Key Innovation: SHAC++ replaces direct simulator differentiation with learned gradient approximations. While SHAC requires both differentiable transition function F and reward function R, SHAC++ approximates these with neural networks Fθ and Rθ, enabling application to non-differentiable environments.
SHAC++ addresses the limitations of SHAC by approximating gradients from non-differentiable simulators using neural networks.
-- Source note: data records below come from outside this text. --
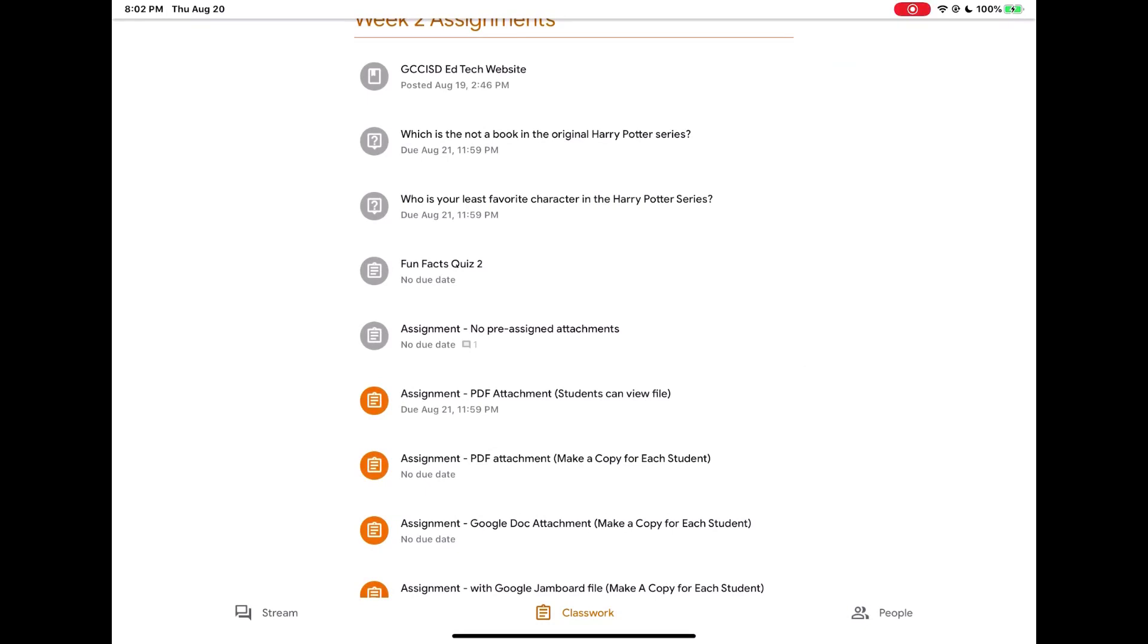Okay friends, we're going to talk about an assignment that a teacher has given you with a PDF attachment. There are two types of attachments that they may have sent to you and each works a little differently.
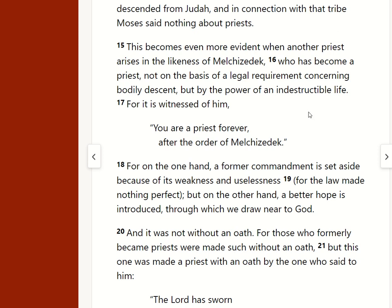So here's Hebrews chapter 7. Chapter 7 is that famous chapter of Hebrews where it is said of Jesus Christ, 'You are a priest forever after the order of Melchizedek.' And this is a reference back to the priests of Melchizedek. This is where we find typology in the Bible — the Bible teaching us typology. In verse 15, this becomes even more evident when another priest arises in the likeness of Melchizedek. So Melchizedek actually points to Christ. And that's a type.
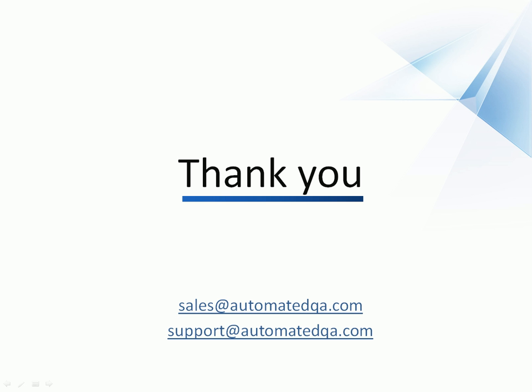This concludes our video on creating web comparison checkpoints. If you have any questions, please don't hesitate to contact us at the email addresses on your screen. We wish you luck, and hope you enjoy automating your tests with TestComplete.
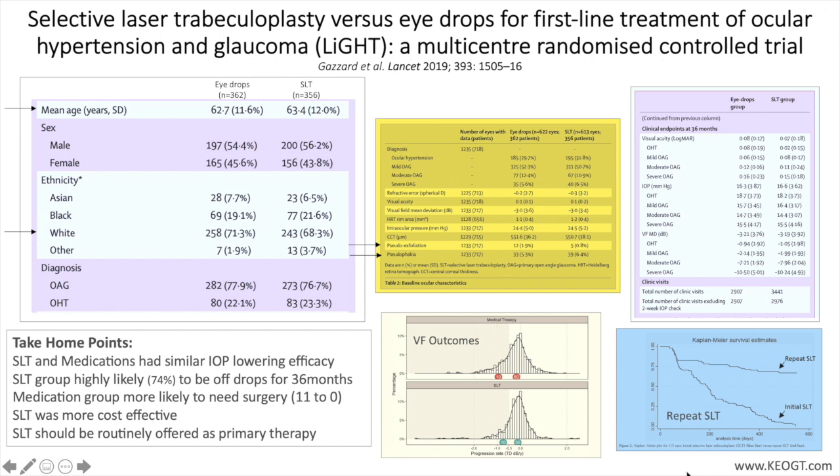There are two follow-up studies worth mentioning from the LIGHT study. The first, by Wright and colleagues, looked at differences in visual field progression between the two groups and found, using total deviation values, that one in four eyes in the medication group showed moderate or fast visual field progression, whereas in the SLT group this value was approximately one in six.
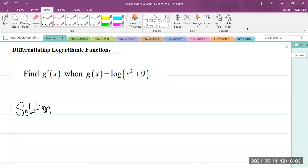Good day, everyone. I'm Mr. Garth Reed, Student Ambassador at the University of Technology, Jamaica, and Mathematics Teacher in Training in the School of Mathematics and Physics. Today we'll be looking at a CAPE Mathematics Unit 2 question, Module 1, which is Calculus 2 and Complex Numbers, and the topic is differentiating logarithmic functions.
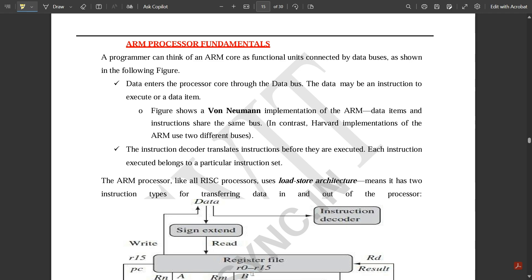In module 4, which is related to the ARM processor, we are going to continue with the concept. Let us discuss some of the fundamentals present inside the ARM processor — ARM processor fundamentals is today's topic.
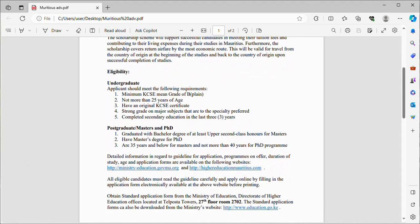Eligibility for undergraduate studies: Applicants should meet the following requirements - minimum KCSE mean grade of B plain, not more than 25 years of age, have an original KCSE certificate, strong grades on major subjects that are to be specially preferred depending on the course you are going to take. You must have strong academic grades. For instance, if you are going to take medicine, then you have to have strong grades in sciences and mathematics. Lastly, you must have completed secondary education in the last three years.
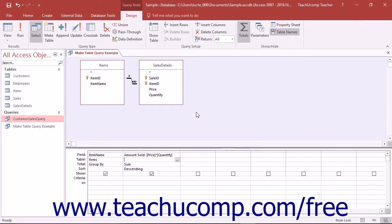Since the basis of the MakeTable query is a standard select query type, you can restrict the columns and rows contained in the new table by selecting only the fields you want to view and applying query criteria.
The key insight is to train networks Fθ and Rθ to approximate the transition and reward functions, respectively, alongside the policy and value networks.
SHAC Limitations
- Requires fully differentiable environments
- Limited to single-agent scenarios
- Unstable gradients in complex dynamics
- Inapplicable to sparse reward functions
SHAC++ Advantages
- Works with non-differentiable simulators
- Extends to multi-agent environments
- Robust gradient approximations
- Handles complex reward structures
🧠 Neural Networks
- Policy Networks: πθ for action selection
- Value Network: Vθ for state evaluation
- Transition Network: Fθ for dynamics approximation
- Reward Network: Rθ for reward prediction
⚙️ Training Details
- Optimizer: Adam with learning rate 1e-3
- Episodes: 512 environments × 32 steps
- Early Stopping: 90% reward in 90% episodes
- Hardware: V100/A100 GPUs, 1-8 hours per run
Multi-Agent Extensions
SHAC++ extends naturally to multi-agent settings through:
- Shared Parameters: Policy networks share parameters across agents
- Transformer Architecture: Handles variable agent numbers with positional invariance
- Cooperative Learning: Joint optimization enables emergent coordination
- Scalable Design: Linear complexity with respect to agent count (up to attention limits)
The framework trains four neural networks simultaneously: policy networks πθ, value network Vθ, transition network Fθ, and reward network Rθ. This enables gradient-based policy optimization even when the underlying simulator components are non-differentiable.